Homelessness, Universal Credit misery, high rents, cramped flats, isolated estates…end the housing crisis now!

March for Homes, London, 31st January 2015, photo Paul Mattsson

March for Homes, London, 31st January 2015, photo Paul Mattsson   (Click to enlarge: opens in new window)

Connor Rosoman, Brighton Socialist Party

Housing in Britain is in crisis. Bailiffs were called to a house in Hove on 26 October after the tenant – struggling to get by on Universal Credit – fell into rent arrears. I joined a local tenants’ union which held a picket outside the house to prevent the evictions.

Many tenants find themselves unable to live alone due to skyrocketing rent prices. Under new ‘co-living’ schemes in big cities, up to several hundred tenants are packed into massive apartment buildings with shared bathrooms, kitchens and other such facilities. Bedrooms are cramped, leaving people with little space to themselves.

The spread of small, overcrowded housing can have negative effects on physical and mental health, and such ‘co-living’ spaces are another step in this direction.

At the same time, many of those who can afford their own homes find themselves living on new housing developments built on the edges of towns without local facilities and with poor transport links.

This means many working-class families are forced to drive to reach, schools, doctors and shops. As a result of the increased traffic, families spend hours in the car just to reach essential services. Instead of these poorly designed neighbourhoods, we need quality, affordable housing and decent public transport.

Homelessness

Meanwhile some have nowhere to live at all. Homelessness has seen a dramatic increase, with an estimated 4,751 people sleeping on the streets last year. This is a 15% increase since 2016 alone.
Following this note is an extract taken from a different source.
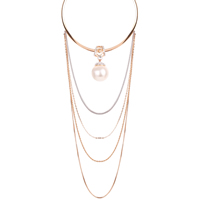 Zinc Alloy Choker Necklace, med ABS plastik perle & Jern, med 5cm extender kæde, Runde, forgyldt, bly & cadmium fri, 130mm, Indvendig diameter:Ca. 130mm, Solgt Per Ca. 15.5 inch Strand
But councils have tried to sweep the problem under the rug – forcing rough sleepers out of the cities by using Public Service Protection Orders (PSPOs). Many homeless people have been denied legal aid in challenging councils that have used PSPOs in an attempt to criminalise homelessness.

Universal Credit has driven many people into rent arrears and – alongside precarious contracts and poverty wages – thousands of people in work cannot afford a home. We need to fight back against low pay, benefit cuts, rent hikes and poor-quality housing.

The Socialist Party campaigns for rent controls and we raise the demand that local councils fight back by using their extensive reserves and borrowing powers to set no-cuts, needs-based budgets.

With the Tories having lifted restrictions on borrowing to fund council house building, there is absolutely no excuse for Labour councils not to act. They should begin a massive programme of council-house building to provide all people with high-quality, affordable places to live.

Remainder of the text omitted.